Vegetius, De re militari (III.vi)
This schematic is from the Tabula Peutingeriana, a early thirteenth-century copy of a fourth-century AD itinerarium of Rome's cursus publicus or public way. The route is in stages from Bingium to Dumno (Dumnissus), Belginum, Noviomagnus Treverorum, and Augusta Treverorum, the distance of each marked in Roman miles (curiously, the numbers add up to forty statute miles). Vegetius, writing in the late fourth-century AD, would have approved.
In reading the Mosella, one would think that Ausonius walked to Trier by himself. In fact, he had been ordered to escort Gratian, the eight-year old son of Valentinian I, back to the imperial capital. No doubt, they made the journey by carriage and were accompanied by legionaries.
In Bingen, he "gazed with awe upon the ramparts lately thrown round ancient Vincum [another name for the town]" (2) which had been fortified a decade earlier (in AD 359) by the emperor Julian in preparation for renewed war with the Alemanni (Ammianus Marcellinus, The History, XVIII.2.4). From there, he trekked over the Hunsrück, "a lonely journey through pathless forest, nor did my eyes rest on any trace of human inhabitants" (5) and then to Dumnissus, "sweltering amid its parched fields" (8), Tabernae "watered by its unfailing spring," (8), and Noviomagus Treverorum (Neumagen) "the famed camp of sainted Constantine" (11), which had been occupied by the emperor in defending Gaul against the Franks and Alemanni (AD 306–312). There, Ausonius reached the Moselle, with its "roofs of country-houses, perched high upon the over-hanging river-banks, the hill-sides green with vines, and the pleasant stream of Moselle gliding below with subdued murmuring" (20–22).

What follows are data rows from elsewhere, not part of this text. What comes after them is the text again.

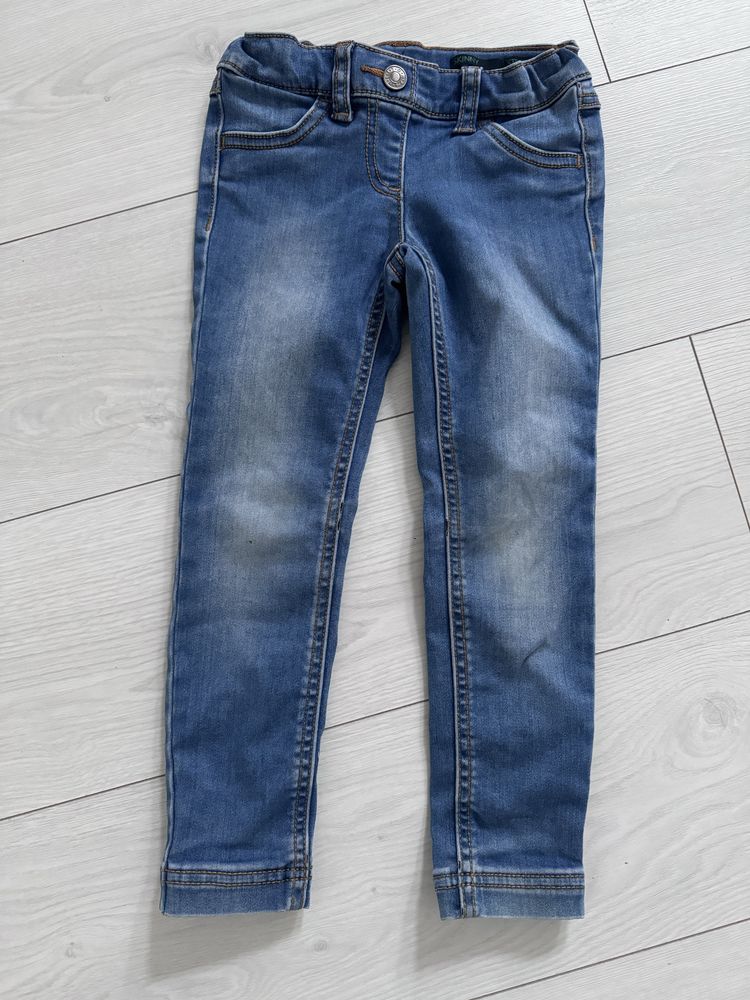 Benetton jeansy dziewczynka 110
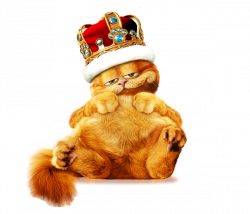 Garfield King PNG Free Clipart | Disney | Pinterest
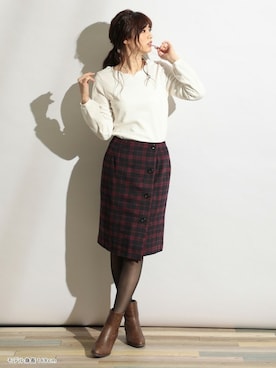 ハニーズさん（レディース・168cm）の秋コーディネート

Following the river, he finally arrived at Augusta Treverorum (Trier), the regional capital—and its amphitheater. Constantine had captured two of the Frankish chieftains early in the war who, "on exhibiting a magnificent show of games, he exposed to wild beasts" (Eutropius, Abridgment of Roman History, X.3). Panegyrics to Constantine praise the emperor for his victory: "When the fierce kings Ascaricus and his associate [Merogaisus] had been captured you inaugurated your martial endeavors with so much acclaim that we considered it a guarantee of unheard-greatness....so you, Emperor, in the very cradle of your rule, as if you were slaying twin dragons, amused yourself with the celebrated punishments of savage kings" (Panegyrici Latini, IV.16.5–6; also VI.10.1–2 and VII.4.2). In a campaign in AD 308, "Countless numbers were slaughtered, and very many were captured. Whatever herds there were were seized or slaughtered; all the villages were put to the flame; the adults who were captured...were given over to the amphitheater for punishment, and their great numbers wore out the raging beasts" (VI.12.3).
References: Ausonius (Vol. I) (1919) translated by Hugh G. Evelyn White (Loeb Classical Library); In Praise of Later Roman Emperors: The Panegyrici Latini (1994) translated by C. E. V. Nixon and Barbara Saylor Rogers; Roman Trier and the Treveri (1971) by Edith Mary Wightman; Flavius Vegetius Renatus: The Military Institutions of the Romans (1767/1944) translated by Lt. John Clark.